__PROVIDED MATERIAL__
────────────────────────────────────────

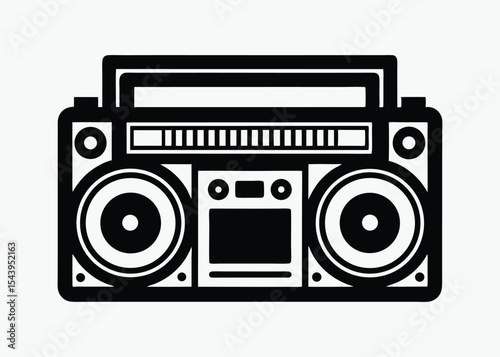 retro radio boombox silhouette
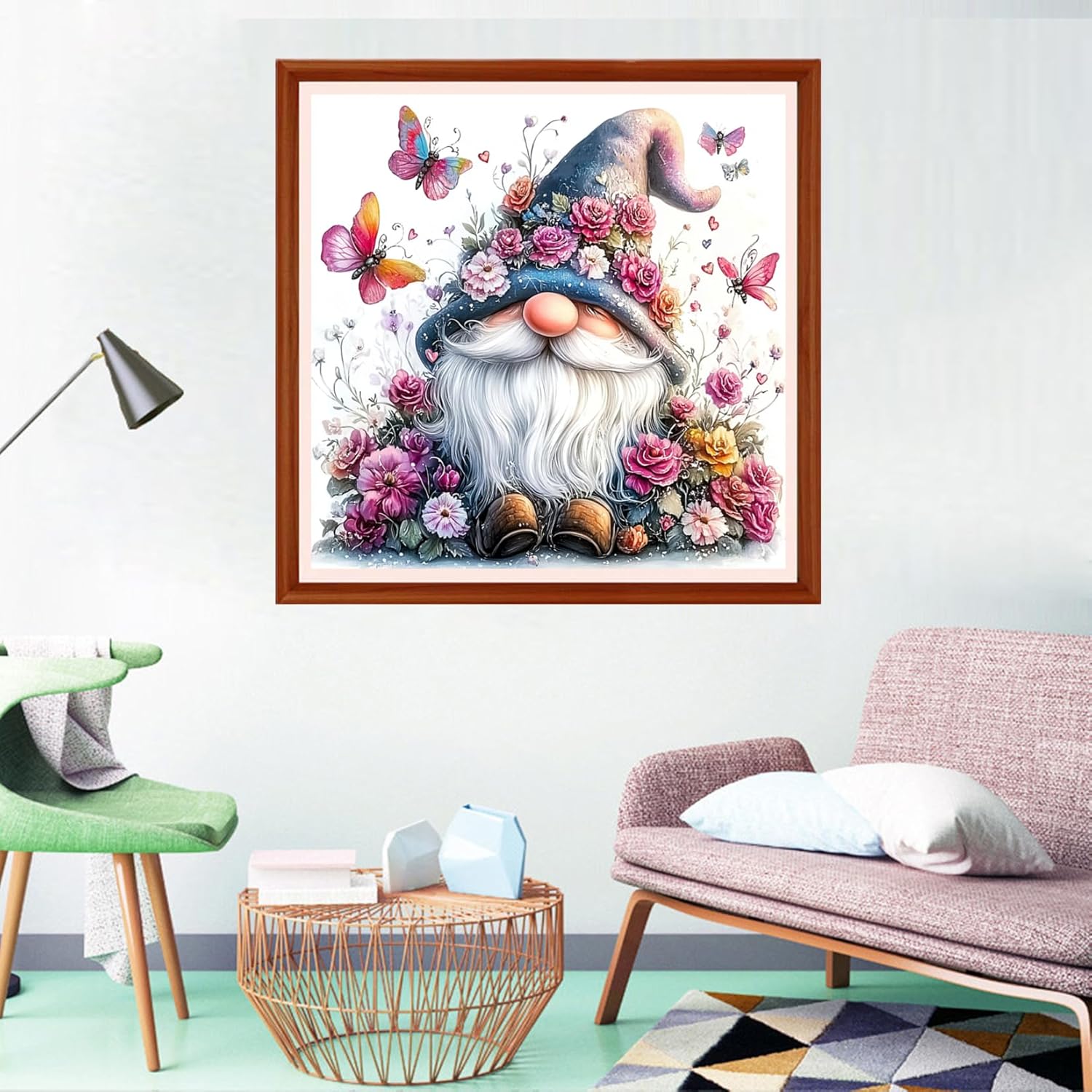 Redxing Counted Cross Stitch Kit for Beginners,Unprinted Needlepoint Kits for Beginners Cross Stitching Embroidery Kit 11CT Stitches kit-Flower Dwarf 18x18 inch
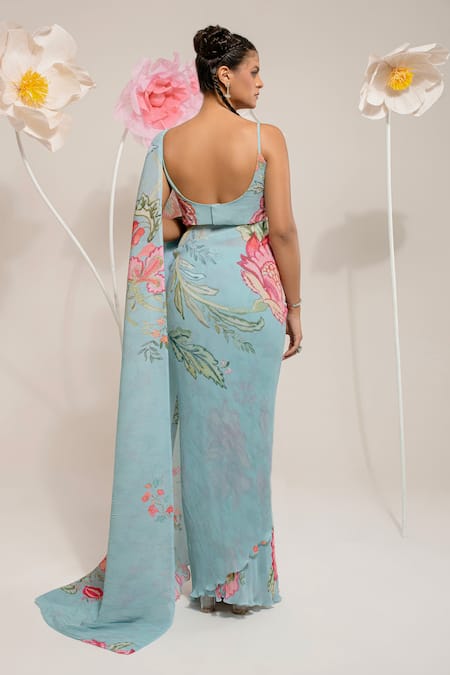Preeti Mehta Green Viscose Embroidery, Stones, Beads Scoop Neck Flora Print Saree With Blouse Online at Aza Fashions Preeti Mehta_Green Viscose Embroidery, Stones, Beads Scoop Neck Flora Print Saree With Blouse _Online_at_Aza_Fashions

────────────────────────────────────────

__YOUR ASSIGNMENT__
Give exactly those lines of the listing that run from its first line through the line with "Redxing Counted Cross", leaving each picture out.

__REPLY TO THE TASK__
 retro radio boombox silhouette
 Redxing Counted Cross Stitch Kit for Beginners,Unprinted Needlepoint Kits for Beginners Cross Stitching Embroidery Kit 11CT Stitches kit-Flower Dwarf 18x18 inch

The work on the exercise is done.